That length function is making me so mad. As we know, function calls and flexible tests are things code can do, and SQL can't. Let's rummage through SQL's various tests to prove how limited its conditional expressions are.

It has AND and OR. I should have known that. It's also got something named IN, which is merely an "or" shortcut:

// foods fluffy and boots can eat:
select distinct food from catOneFood where name="fluffy" or name="boots";
// IN is nothing -- just a shortcut for OR:
  "   "   "  "  where name IN ("fluffy", "boots");

SQL has the full complement of less-than and so on. Well, fine. after I saw length(name)>5 I assumed length(name)<=3 was also allowed. Charmingly, not-equals is the old-fashioned <>. BETWEEN is another shortcut for silly SQL-users who can't figure out amt>=5 AND and<=10 (which is also legal sql). They have to use amt BETWEEN 5 and 10.

But then we come to LIKE. It checks for regular expressions.

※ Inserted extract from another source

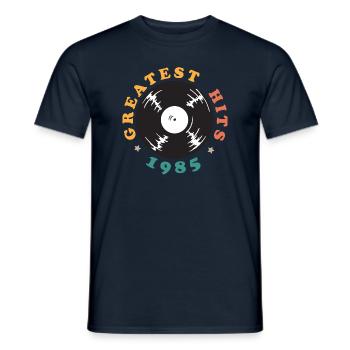 1985 Année de naissance - T-shirt homme - marine - Devant - AI Model Male 178 light (178cm)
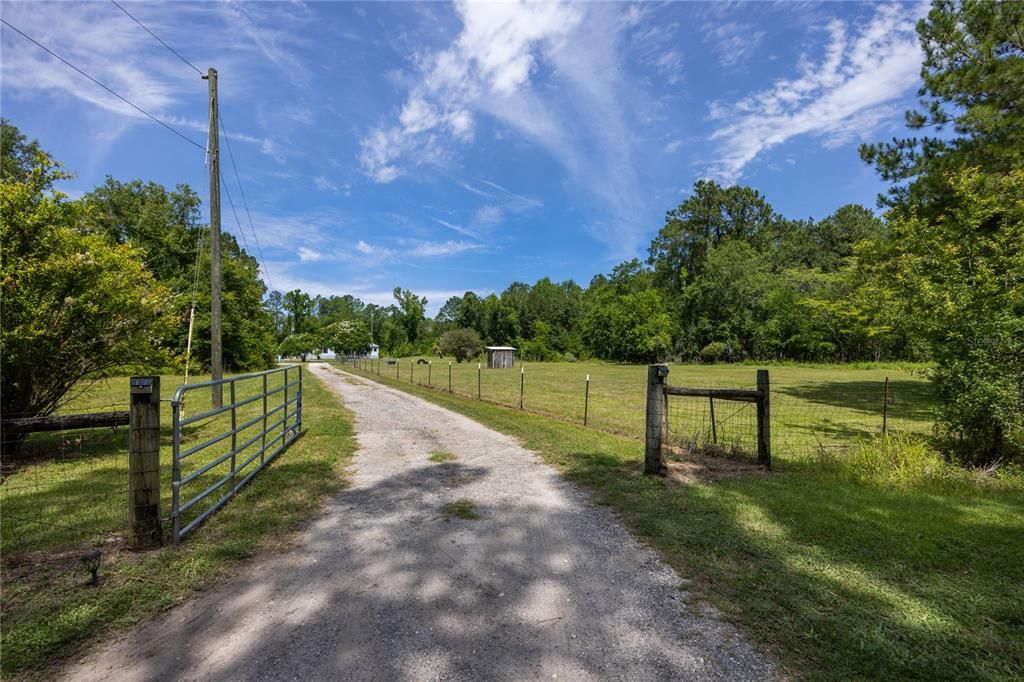 For Sale: $382,000 (4 beds, 3 baths, 2704 Square Feet)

Regular freaking expressions! I can barely do that in coding languages that aren't Perl. In SQL it's easy:

// (underscore is "any one thing" and % is "any number of anything")
select name from cats
  where name like '_h%'; /* sheena chip zharf */

  where name like '%Z'; /* ends with Z */

I don't even know why I'm trying to explain it. It's regular-expressions. They're just great. I was going to get mad that mySQL forces you to use a different syntax for more complex reg-exps, except that's what everyone else does. And the alternate syntax is just fine:

select name from cats
  where regexp_like(name, '[aeiou]$';  /* ends with a vowel */

  where regexp_like(name, '^[a-z]*[a-z0-9]$';  /* only letters, may end in number */

Hmmm. To sum up, SQL has the boolean logic of a normal computer language, and easy-to-use regular expressions. SQL is still clearly inferior to being able to write a program, but not as inferior as I first thought.

Arg. It has pivot tables

It turns out databases' ridiculous consolidated-list tables are actually useful. Who knew! I mean, besides the inventor and everyone who's used them for the past 40 years. But beyond that, it's a complete surprise that SQL does some things better than I can do in code. Let's take the crude catEats table again, looking something like this:

cat_id food
------ ----
101     mice
101     catnip
102     mice
102     cheese
102     phone cords

If SQL wasn't so terrible, this would be several small lists. Cat#101 would have food lisr (mice, catnip), cat 102 would have foods list (mice, cheese, phone cords), and so on. Or maybe each food would have a list of the cats which eat it. It turns out that SQL's odd format lets you do both, equally well.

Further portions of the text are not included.